All records below must be reproduced exactly, although any pictures they contain are to be omitted.

Image-text web data:
• • • • •

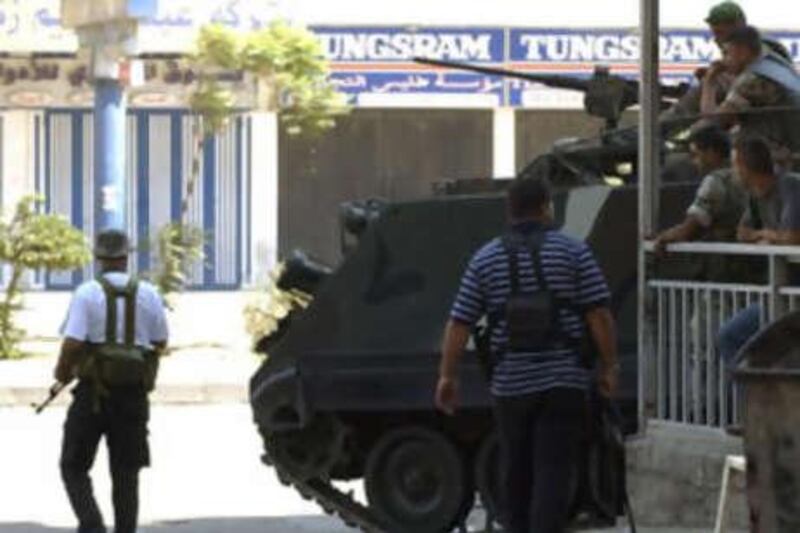 Gunmen walk past Lebanese soldiers on armoured personnel carriers in the Bab Tibbaneh district area during clashes between supporters of the government and Alawite gunmen close to the Hizbollah-led opposition in Tripoli.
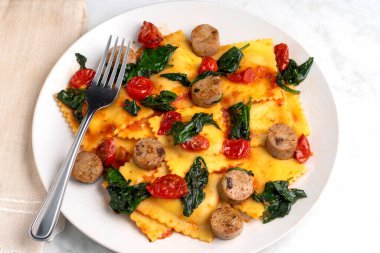 Peynirli ravioli tavuklu ve sotelenmiş domatesli ve ıspanaklı.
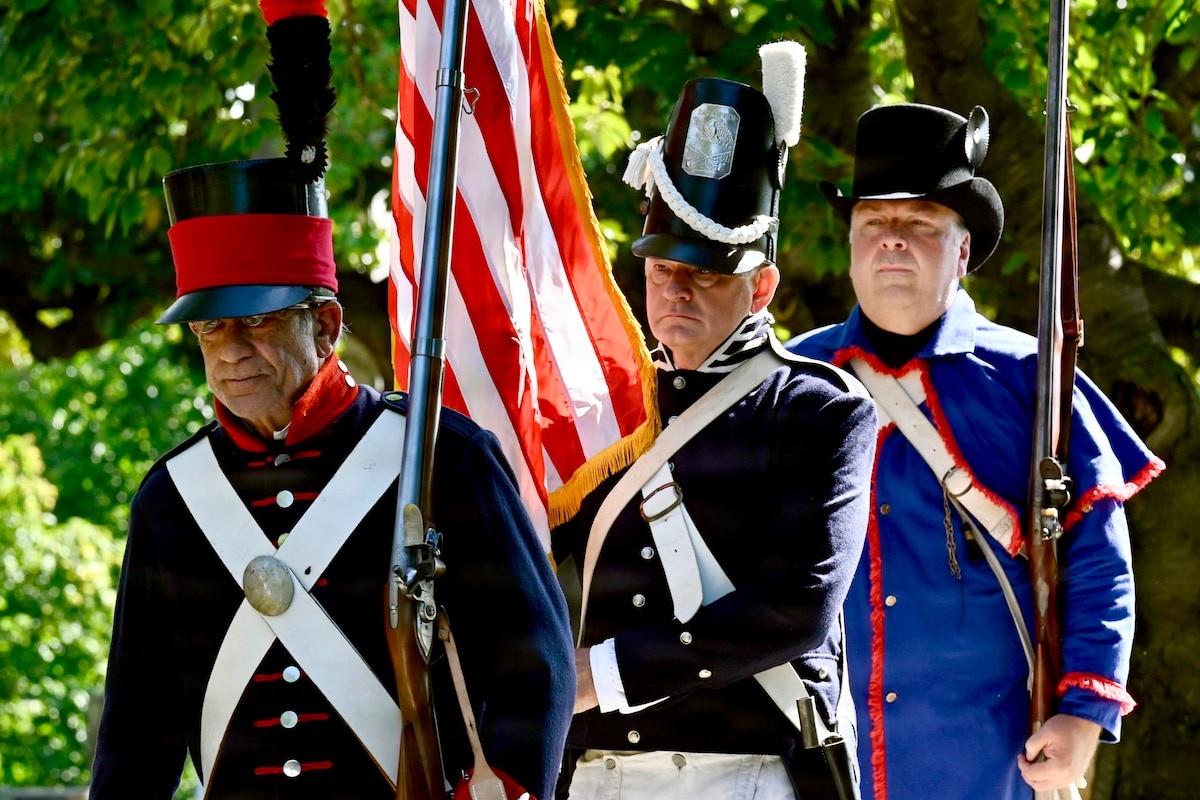 Three men dress in historical military uniforms stand in a line; the man in the middle is holding the American flag while the other two men are holding muskets.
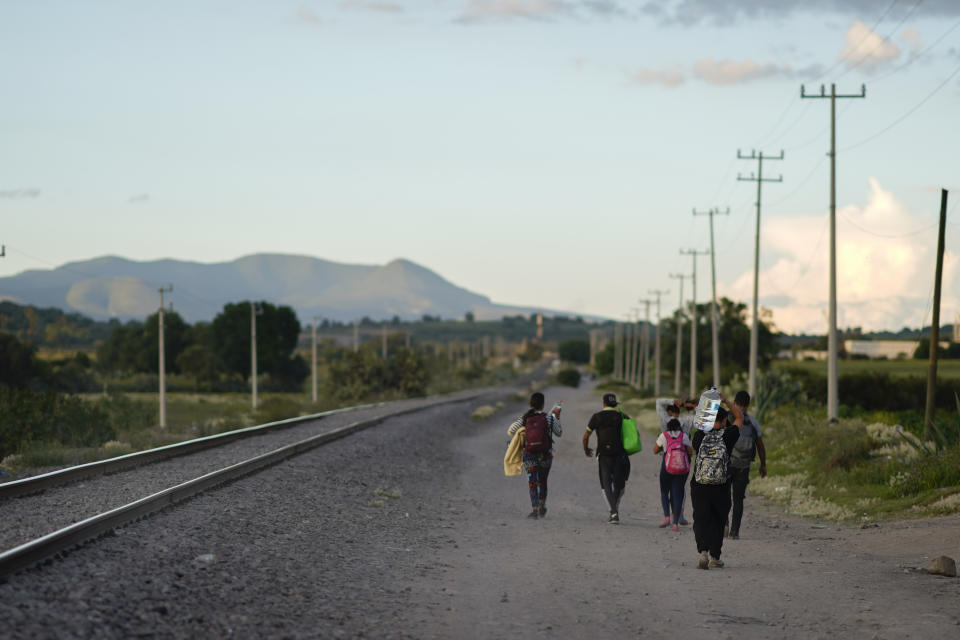 Migrants walks along a rail line hoping to board a freight train heading north, in Huehuetoca, Mexico, Sept. 19, 2023. Ferromex, Mexico's largest railroad company announced that it was suspending operations of its cargo trains due to the massive number of migrants that are illegally hitching a ride on its trains moving north towards the U.S. border. (AP Photo/Eduardo Verdugo)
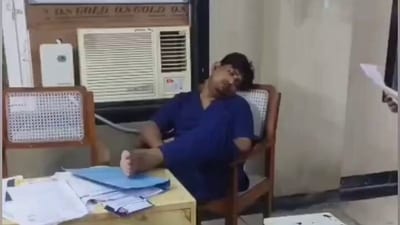 The screengrab from the video shows a doctor reclining with their legs up in front of an air conditioner, visibly asleep. (X) The screengrab from the video shows a doctor reclining with their legs up in front of an air conditioner, visibly asleep. (X)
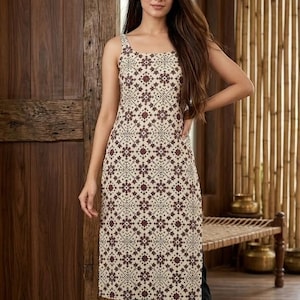 May include: A sleeveless, cream-colored tunic dress with a repeating maroon floral pattern. The dress is paired with black pants. The background features wooden paneling and a bench.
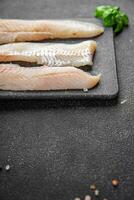 fish fish fillet blue whiting fresh seafood eating cooking appetizer meal food snack on the table copy space food background rustic top view photo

• • • • •

> _Written answer_
 Gunmen walk past Lebanese soldiers on armoured personnel carriers in the Bab Tibbaneh district area during clashes between supporters of the government and Alawite gunmen close to the Hizbollah-led opposition in Tripoli.
 Peynirli ravioli tavuklu ve sotelenmiş domatesli ve ıspanaklı.
 Three men dress in historical military uniforms stand in a line; the man in the middle is holding the American flag while the other two men are holding muskets.
 Migrants walks along a rail line hoping to board a freight train heading north, in Huehuetoca, Mexico, Sept. 19, 2023. Ferromex, Mexico's largest railroad company announced that it was suspending operations of its cargo trains due to the massive number of migrants that are illegally hitching a ride on its trains moving north towards the U.S. border. (AP Photo/Eduardo Verdugo)
 The screengrab from the video shows a doctor reclining with their legs up in front of an air conditioner, visibly asleep. (X) The screengrab from the video shows a doctor reclining with their legs up in front of an air conditioner, visibly asleep. (X)
 May include: A sleeveless, cream-colored tunic dress with a repeating maroon floral pattern. The dress is paired with black pants. The background features wooden paneling and a bench.
 fish fish fillet blue whiting fresh seafood eating cooking appetizer meal food snack on the table copy space food background rustic top view photo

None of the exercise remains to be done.